Gli ostacoli costituzionali e procedurali
La riforma sull’autonomia differenziata è stata promossa dalla Lega di Matteo Salvini e dal ministro per gli Affari regionali Roberto Calderoli. Fratelli d’Italia, il partito di Giorgia Meloni, ha tentato di limitare alcuni aspetti della riforma. Per un referendum abrogativo è necessario che voti più della metà degli elettori, ovvero circa 25,6 milioni di persone. Questo rappresenta una sfida considerevole, considerando l’affluenza del 48,3% alle recenti elezioni europee.
Prima del referendum, Cassazione e Corte Costituzionale dovranno valutare l’ammissibilità del quesito, tenendo conto della correttezza formale e degli effetti dell’abrogazione della legge. La riforma di Calderoli è un testo complesso, con numerosi riferimenti ad altre leggi, il che rende queste valutazioni cruciali. Inoltre, la Costituzione proibisce referendum su leggi tributarie e di bilancio, complicando ulteriormente il percorso. Il problema che è sorto è che la riforma Calderoli è fortemente legata a quella di Bilancio, dunque potrebbe essere identificata come una di quelle leggi intoccabili.
Le cinque Regioni, capitanate dal centro-sinistra, si sono già riunite in una riunione tecnica, ancor prima della finale votazione della Campania. Le quattro regioni al fianco di quest’ultima infatti sono già pronte a proporre un duplice quesito per l’abrogazione dell’autonomia differenziata, che sia in forma parziale o totale del testo di legge stesso. Oltre alla resistenza delle cinque regioni, si sono unite anche le forze politiche sindacali.

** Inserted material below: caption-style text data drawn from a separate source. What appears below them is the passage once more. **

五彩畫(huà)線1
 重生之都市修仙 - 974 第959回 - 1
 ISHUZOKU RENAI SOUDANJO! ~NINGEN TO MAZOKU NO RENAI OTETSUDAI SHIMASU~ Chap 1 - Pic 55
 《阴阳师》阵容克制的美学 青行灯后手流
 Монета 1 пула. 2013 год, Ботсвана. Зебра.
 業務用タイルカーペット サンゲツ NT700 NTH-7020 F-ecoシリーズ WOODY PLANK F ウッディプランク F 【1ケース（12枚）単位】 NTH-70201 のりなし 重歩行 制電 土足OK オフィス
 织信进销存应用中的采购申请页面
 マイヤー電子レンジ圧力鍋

La riforma nel contesto politico
La riforma di Calderoli è un chiaro problema di disuguaglianza, più sostanziale che formale, che l’Italia porta con sé da anni, e che ha fatto nascere anche pericolosi spiriti di secessione e indipendenza regionale. La Riforma del Titolo V, approvata dal centro-sinistra, ha ampliato ancora di più questo divario territoriale, con una sempre più netta mancanza di istituzioni, servizi e beni di prima necessità in quelli che – in maniera quantomai classista – sono i “paesi del Sud”. Ossimorico, ma neanche tanto se pensiamo da chi la legge è stata partorita, è quindi la volontà di infierire sulle disuguaglianze e sottolineare così sempre di più la povertà meridionale e il benessere settentrionale.
Il 2025 potrebbe vedere numerosi referendum, inclusi quelli della CGIL contro il Jobs Act e per il lavoro dignitoso, e quello sull’abrogazione dell’autonomia differenziata. L’obiettivo finale di cancellare la riforma sull’autonomia resta comunque una sfida ardua per il PD e il comitato promotore.